There was an opportunity to hear one of the best choral performers in the world at the concert of the Estonian philharmonic chamber choir. The concert was part of the 10th anniversary celebration of The International Society for Orthodox Church Music – ISOCM.
Since the establishment of the choir has belonged to the elite among choral performers along with great success and merits up to the Grammy rewards.
At the concert there was a celebration of a composer, this time not Sibelius but Estonian Arvo Pärt who has his 80th birthday this year. Thus the concert brought out also Estonian art of composition.
Heavenly! There is no other expression for the sound of this choir. It could be also characterized as controlled but unforced and free at the same time as well.

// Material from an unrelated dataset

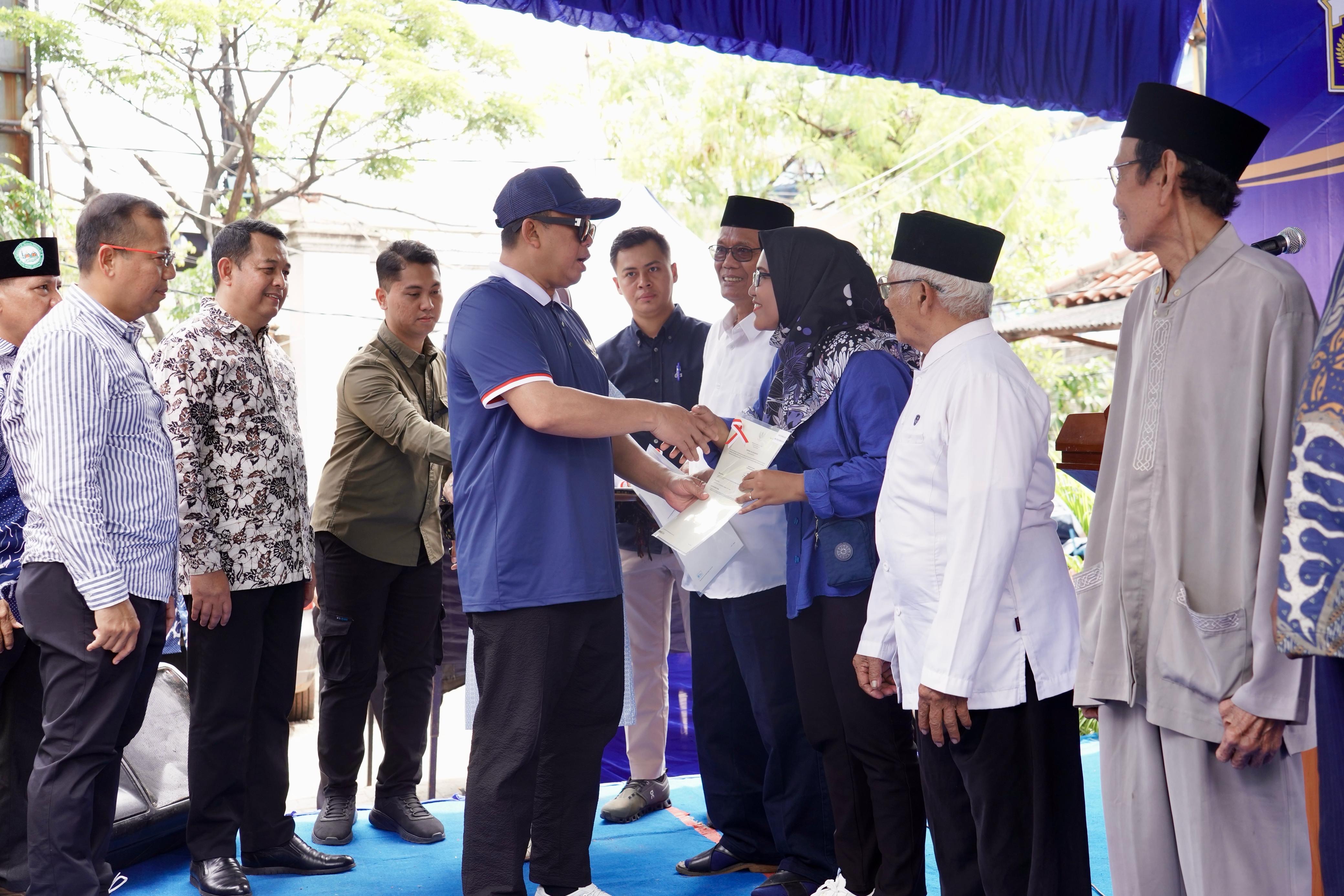 Penyerahan Sertifikat HGB kepada Masyarakat Komplek Bermis RW. 11, Kecamatan Panjaringan , Jakarta Utara pada Minggu (16/02/2025).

The Three Sacred Hymns by Alfred Schnittke glowed from the very beginning though its tonal expression sounded surprisingly much like traditional orthodox choral chant. The modernity of this work is in the harmonies of the cadencies. The second chant stuck in mind especially due to its fascinating, archaic and bare chords and parallel intervals. The choir sung and the listener was astonished.
Sergei Rachmaninov choral concerto doesn’t achieve yet the virtuosic level of the All-night Vigil but has anyway vital idea and delicate realization. The vocal range of the choir was spread wide and the bases got their chance to show their best.
If it is obligatory to criticize at least something it might be the balance between sopranos and bases. At least on the bench where I was sitting the bases sounded a little bit fainted compared with the sopranos. Also there weren’t profound Slavonic base tones of in this program. Anyway it was just good.
The music of Arvo Pärt was the pearl (the writer says ‘the steak’) of the concert. The works of the Estonian master, Two Slavonic Psalms, Da Pacem Domine, Kanon Pokajanen (VII ode) and Nunc Dimittis represented widely the stylistic range of the composer. Pärt’s tintinnabuli style could be heard in the beginning where the cantus firmus melody together with a bell-like triads created a noble interpretation in the handling of the choir. Within the Kanon Pokajanen you could only wonder the art of the human voice at the diversity of choral sound —powerful experience.
The glowing and charming Thy Fatherly Embrace, a Bulgarian chant composer by Ivan Moody got the European premier in the concert. Georgy Sviridov’s “Neizrechennoye chudo” brought up the soloist art of the choir.